The Wenatchee Valley College Visiting Writers Series presents poets Jay Nebel and Katharine Whitcomb, who will give a reading on Wednesday, Feb. 24, 2 to 3:30 p.m., in The Grove Recital Hall. The reading is free and open to the public.

A question and answer session, and a book signing, will immediately follow the reading.

Whitcomb is the author of four prize-winning collections of poems, the most recent being The Daughter’s Almanac (2015), and the co-author of The Art Courage Program (2014), a parody self-help book. She is the co-editor of A Sense of Place: The Washington State Geospatial Poetry Anthology and the founding co-editor of Cascadia Chronicle: A Geospatial Journal of Place, Environment and Imagination. Whitcomb was a Stegner Fellow in Poetry at Stanford University and had fellowships in poetry at the Wisconsin Institute for Creative Writing at the University of Wisconsin-Madison and the Fine Arts Work Center in Provincetown. She has taught at Central Washington University since 2004, during which time she directed the on-campus professional and creative writing B.A. program and the nationally ranked online professional and creative writing B.A. program in the English department.

Nebel’s first book, Neighbors, won the Saturnalia Poetry Prize in 2014 and was selected by Gerald Stern.

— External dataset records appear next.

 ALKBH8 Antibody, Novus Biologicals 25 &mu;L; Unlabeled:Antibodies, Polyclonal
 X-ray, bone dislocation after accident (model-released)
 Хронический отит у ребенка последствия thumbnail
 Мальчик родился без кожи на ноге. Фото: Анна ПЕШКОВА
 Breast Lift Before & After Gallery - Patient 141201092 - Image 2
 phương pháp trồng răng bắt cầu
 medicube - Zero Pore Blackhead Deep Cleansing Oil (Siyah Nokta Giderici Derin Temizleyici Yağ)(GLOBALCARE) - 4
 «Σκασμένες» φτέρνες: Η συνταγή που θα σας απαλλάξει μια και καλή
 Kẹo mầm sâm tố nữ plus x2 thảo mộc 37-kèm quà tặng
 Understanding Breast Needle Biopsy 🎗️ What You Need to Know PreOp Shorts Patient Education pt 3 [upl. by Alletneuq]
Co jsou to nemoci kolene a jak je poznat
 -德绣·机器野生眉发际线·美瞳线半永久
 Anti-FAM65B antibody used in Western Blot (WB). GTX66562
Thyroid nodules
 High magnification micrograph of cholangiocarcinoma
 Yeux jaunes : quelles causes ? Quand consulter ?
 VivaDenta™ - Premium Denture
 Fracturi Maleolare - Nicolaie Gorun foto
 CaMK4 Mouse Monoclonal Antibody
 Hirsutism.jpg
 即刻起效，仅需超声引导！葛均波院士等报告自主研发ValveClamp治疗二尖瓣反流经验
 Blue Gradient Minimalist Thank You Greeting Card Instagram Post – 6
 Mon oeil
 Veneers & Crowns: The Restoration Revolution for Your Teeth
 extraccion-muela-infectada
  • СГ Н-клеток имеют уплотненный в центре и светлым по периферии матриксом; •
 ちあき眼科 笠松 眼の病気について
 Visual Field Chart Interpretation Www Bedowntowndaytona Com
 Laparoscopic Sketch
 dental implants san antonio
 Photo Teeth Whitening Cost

His poems have appeared in American Poetry Review, Narrative, Ploughshares and Tin House, and they have been featured in Verse Daily. Nebel is the recipient of a Sustainable Arts Foundation Promise Award. He lives in Portland, Ore., with his wife and two children, and he drives a juice truck for a living.

The WVC Visiting Writers Series brings professional writers to WVC to give students, faculty, staff and community members the opportunity to engage with some of the most talented writers in the U.S. Through the visits, college and community members learn new ways to think and talk about writing, in the classroom and in their own practice.

The reading is sponsored by the WVC Transfer English division, WVC Foundation and WVC Instruction Office.